- **Task to carry out**
The answer should be every line below, repeated exactly, with the images left out.

- **Collected material**
□ □ □
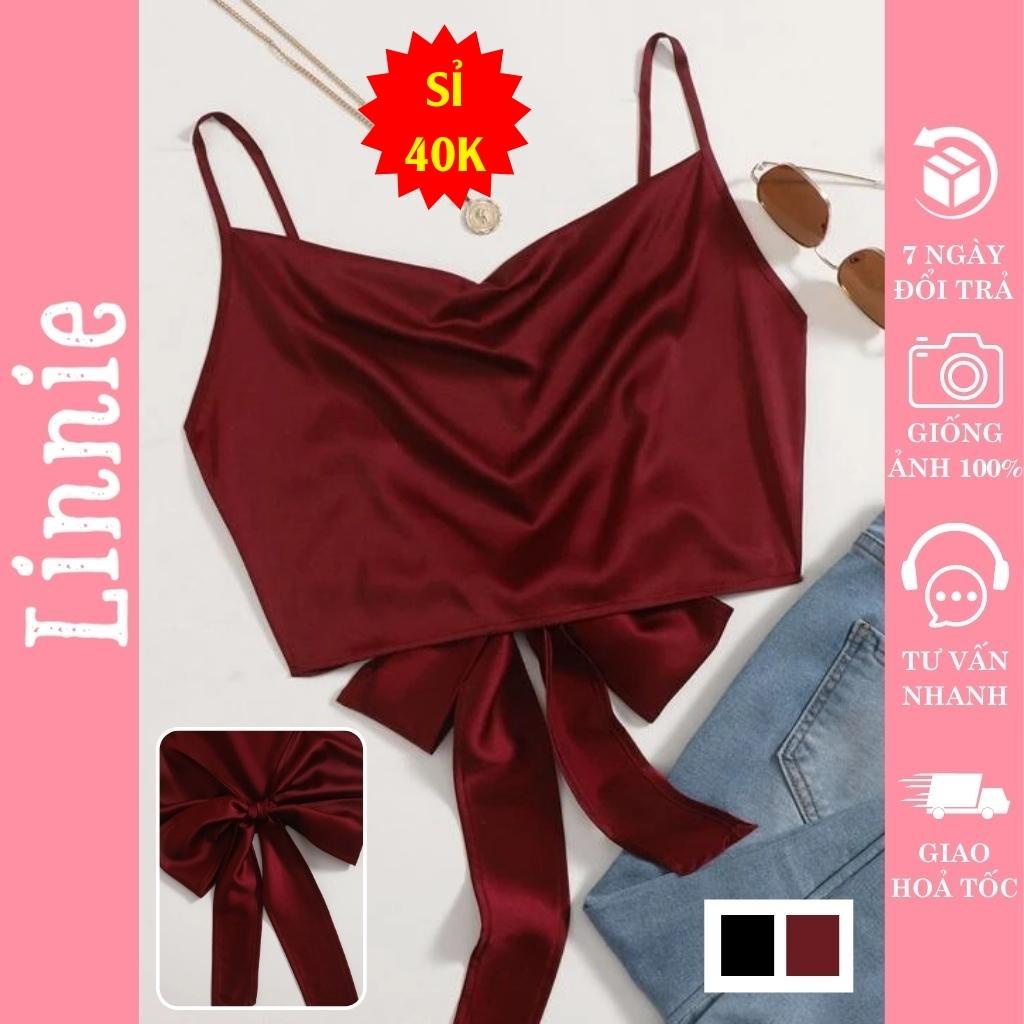 Áo 2 Dây Nhúng Ngực Buộc Nơ Sau Lưng Linnie - Áo Kiểu Nữ Hở Lưng Đi Biển Chất Phi Lụa Mặc Cực Mát Siêu Xinh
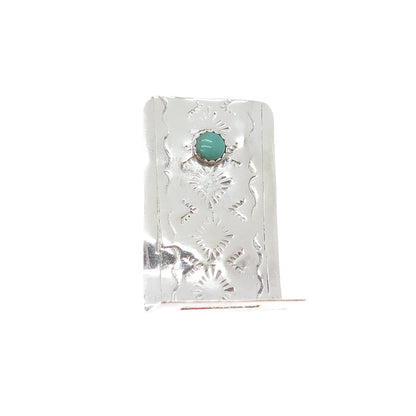 ORVILLE WRIGHT Old Pawn Sterling Silver Vintage Turquoise Snake Eye Pin Brooch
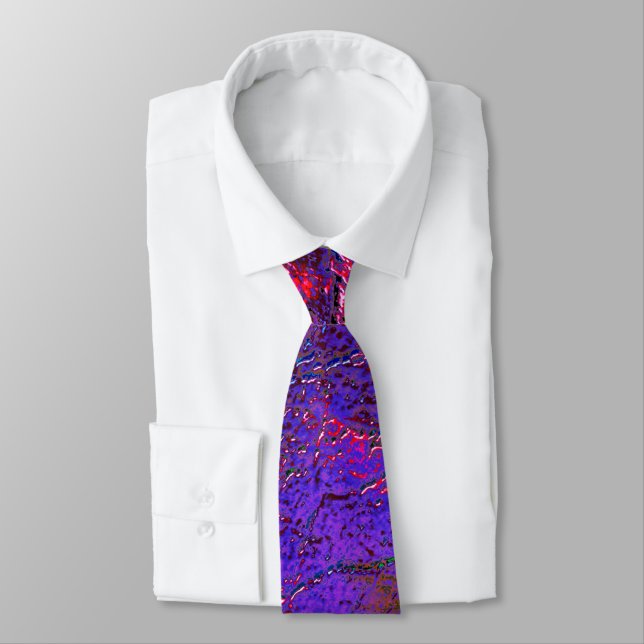 Gothic violet to red  enlarged leather stained     tie (Tied)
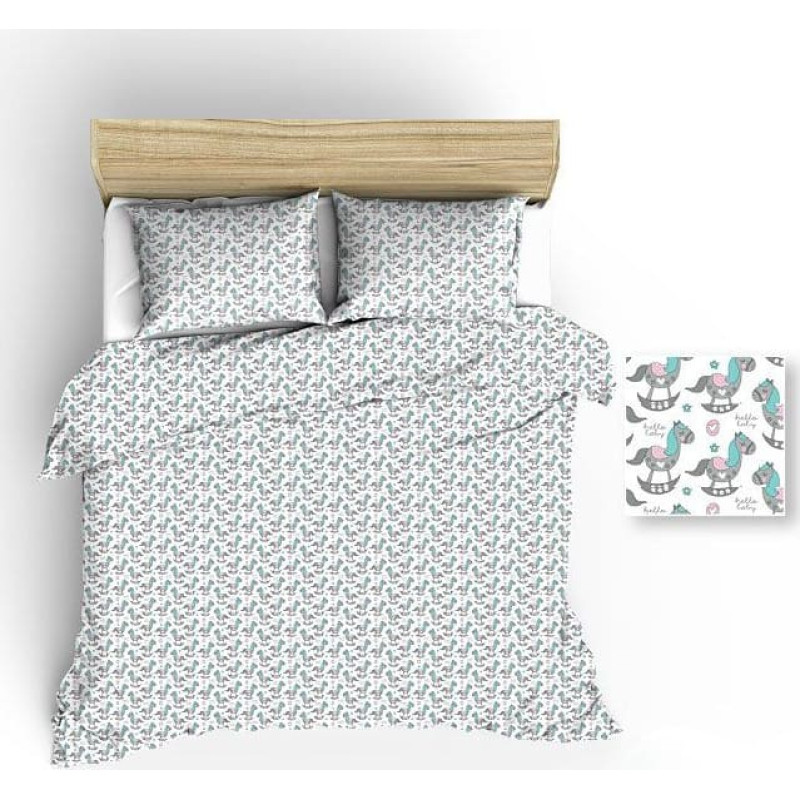 Kokvilnas gultasveļa 140x200 1221E balti poniji pelēki rozā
□ □ □
- **Solution to this exercise**
 Áo 2 Dây Nhúng Ngực Buộc Nơ Sau Lưng Linnie - Áo Kiểu Nữ Hở Lưng Đi Biển Chất Phi Lụa Mặc Cực Mát Siêu Xinh
 ORVILLE WRIGHT Old Pawn Sterling Silver Vintage Turquoise Snake Eye Pin Brooch
 Gothic violet to red  enlarged leather stained     tie (Tied)
 Kokvilnas gultasveļa 140x200 1221E balti poniji pelēki rozā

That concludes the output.